You already know $f$ is a polynomial in $n$ variables so you can write it in the general form
$$f(X_1,...,X_n)=\sum_{j_1,j_2,...j_n=0}^nc_kX_1^{j_1}X_2^{j_2}...X_n^{j_n}$$
for some $c_i\in \mathbb{Z}$, $j_i=0,...,n$, $i=0,...,n$.

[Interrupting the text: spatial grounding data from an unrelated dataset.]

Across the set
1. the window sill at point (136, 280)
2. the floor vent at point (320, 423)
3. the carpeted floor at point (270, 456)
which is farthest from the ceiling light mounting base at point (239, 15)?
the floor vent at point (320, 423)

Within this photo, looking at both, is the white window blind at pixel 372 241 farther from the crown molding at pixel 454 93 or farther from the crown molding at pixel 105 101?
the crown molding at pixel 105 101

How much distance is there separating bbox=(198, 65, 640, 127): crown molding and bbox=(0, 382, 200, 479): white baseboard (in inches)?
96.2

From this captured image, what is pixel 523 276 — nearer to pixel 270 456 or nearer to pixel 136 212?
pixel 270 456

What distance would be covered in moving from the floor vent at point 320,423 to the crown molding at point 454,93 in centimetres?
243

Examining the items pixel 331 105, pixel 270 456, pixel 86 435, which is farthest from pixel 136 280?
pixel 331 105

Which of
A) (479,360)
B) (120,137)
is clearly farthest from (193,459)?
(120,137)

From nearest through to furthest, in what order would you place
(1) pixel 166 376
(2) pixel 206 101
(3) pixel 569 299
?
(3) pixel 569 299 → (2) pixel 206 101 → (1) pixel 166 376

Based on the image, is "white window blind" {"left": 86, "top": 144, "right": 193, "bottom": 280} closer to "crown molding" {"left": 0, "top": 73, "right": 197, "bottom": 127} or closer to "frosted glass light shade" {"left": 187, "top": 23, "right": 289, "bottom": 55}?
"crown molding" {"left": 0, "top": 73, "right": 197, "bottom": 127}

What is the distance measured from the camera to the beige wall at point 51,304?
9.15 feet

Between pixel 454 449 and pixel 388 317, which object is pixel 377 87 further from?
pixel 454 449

Calculate this with $\lambda X_i$ in the argument
$$f(\lambda X_1,...,\lambda X_n)=\sum_{j_1,j_2,...j_n=0}^nc_k(\lambda X_1)^{j_1}(\lambda X_2)^{j_2}...(\lambda X_n)^{j_n}$$
$$=\sum_{j_1,j_2,...j_n=0}^nc_k\lambda^{j_1+...+j_n} X_1^{j_1}X_2^{j_2}...X_n^{j_n}$$
Comparing this with
$$\lambda^kf(X_1,...,X_n)=\lambda^k\sum_{j_1,j_2,...j_n=0}^nc_kX_1^{j_1}X_2^{j_2}...X_n^{j_n}$$
$$=\sum_{j_1,j_2,...j_n=0}^nc_k\lambda^k X_1^{j_1}X_2^{j_2}...X_n^{j_n}$$
for every $\lambda \in \mathbb{C}$ we can see that
$$j_1+...+j_n=k$$
But this means precisely that $f$ is homogeneous of degree $k$
Here $$\sum_{j_1,j_2,...j_n=0}^n$$ denotes $$\sum_{j_1=0}^n\sum_{j_2=0}^n\cdots \sum_{j_n=0}^n$$